(Available data begins)

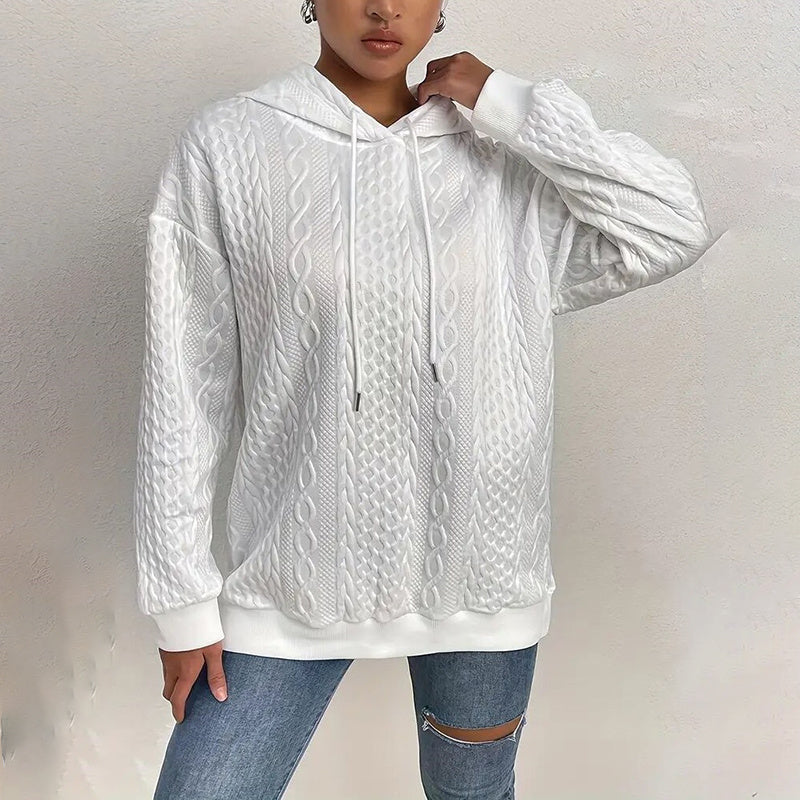 Womens Casual Long Sleeve Drawstring Hoodies. Textured Pullover Loose Hooded Sweatshirt Tops
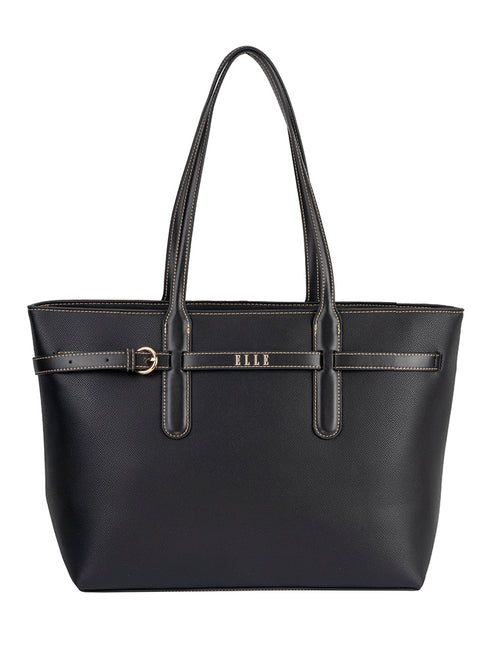 Elle Womens Belt Buckle Tote In Black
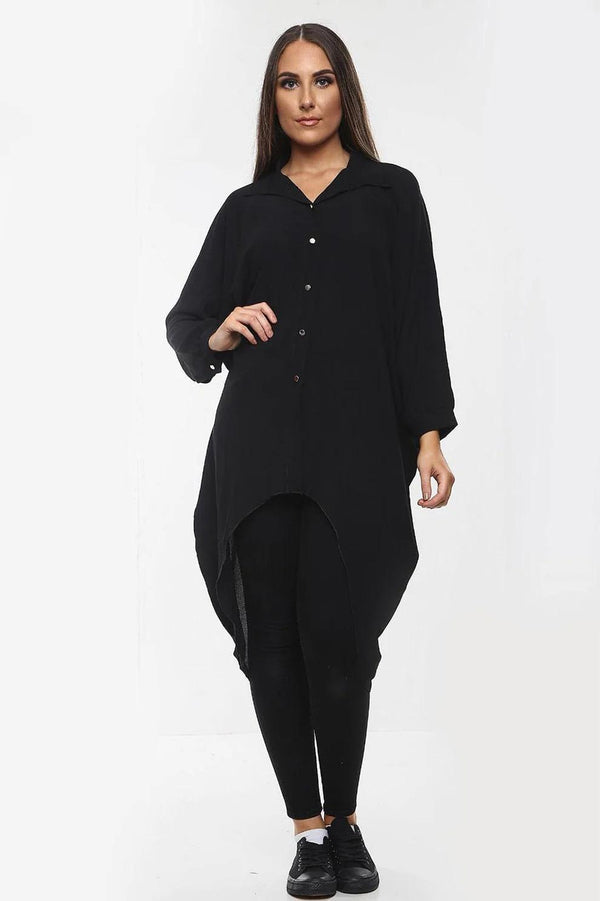 Kind Vibe Women's High-Low Oversized Button Long Top Shirt Dress with Hem and Long Sleeves Comfortable - Black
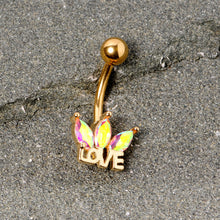 Load image into Gallery viewer, Aurora Gem Gold Tone Crown of Love Belly Ring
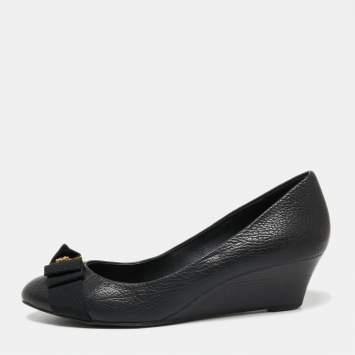Pre Owned Tory Burch Black Leather Bow Detail Trudy Round Toe Wedge Pumps Size 37.5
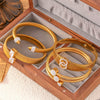 Light Luxury Niche Geometric Multilayer 316L Stainless Steel Electroplated Bracelet With Diamond Design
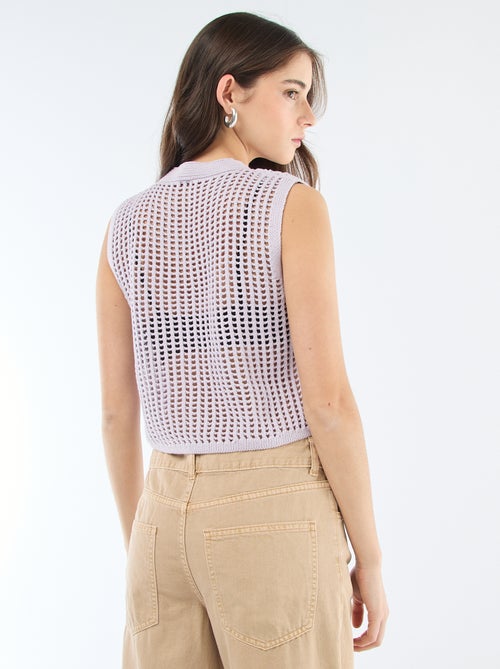 Top sans manches en crochet - Kiabi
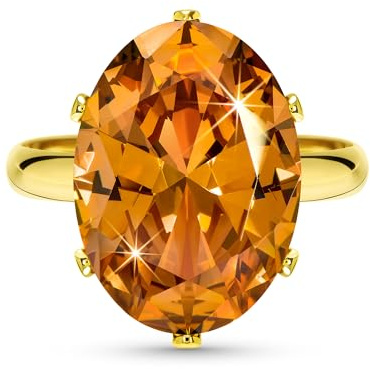 Linawe Citrine Morganite Orange Topaz Adjustable Rings for Women, Gold Cubic Zirconia Imitation Diamond Gemstone Crystal Birthstone Rhinestone Cocktail Ring Love Costume Jewellery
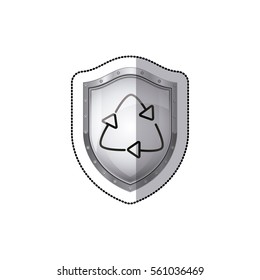 sticker shield with arrow recycled symbol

(Available data ends)

Work task
Reproduce every record above exactly, omitting the pictures.

Task response
 Womens Casual Long Sleeve Drawstring Hoodies. Textured Pullover Loose Hooded Sweatshirt Tops
 Elle Womens Belt Buckle Tote In Black
 Kind Vibe Women's High-Low Oversized Button Long Top Shirt Dress with Hem and Long Sleeves Comfortable - Black
 Load image into Gallery viewer, Aurora Gem Gold Tone Crown of Love Belly Ring
Pre Owned Tory Burch Black Leather Bow Detail Trudy Round Toe Wedge Pumps Size 37.5
 Light Luxury Niche Geometric Multilayer 316L Stainless Steel Electroplated Bracelet With Diamond Design
 Top sans manches en crochet - Kiabi
 Linawe Citrine Morganite Orange Topaz Adjustable Rings for Women, Gold Cubic Zirconia Imitation Diamond Gemstone Crystal Birthstone Rhinestone Cocktail Ring Love Costume Jewellery
 sticker shield with arrow recycled symbol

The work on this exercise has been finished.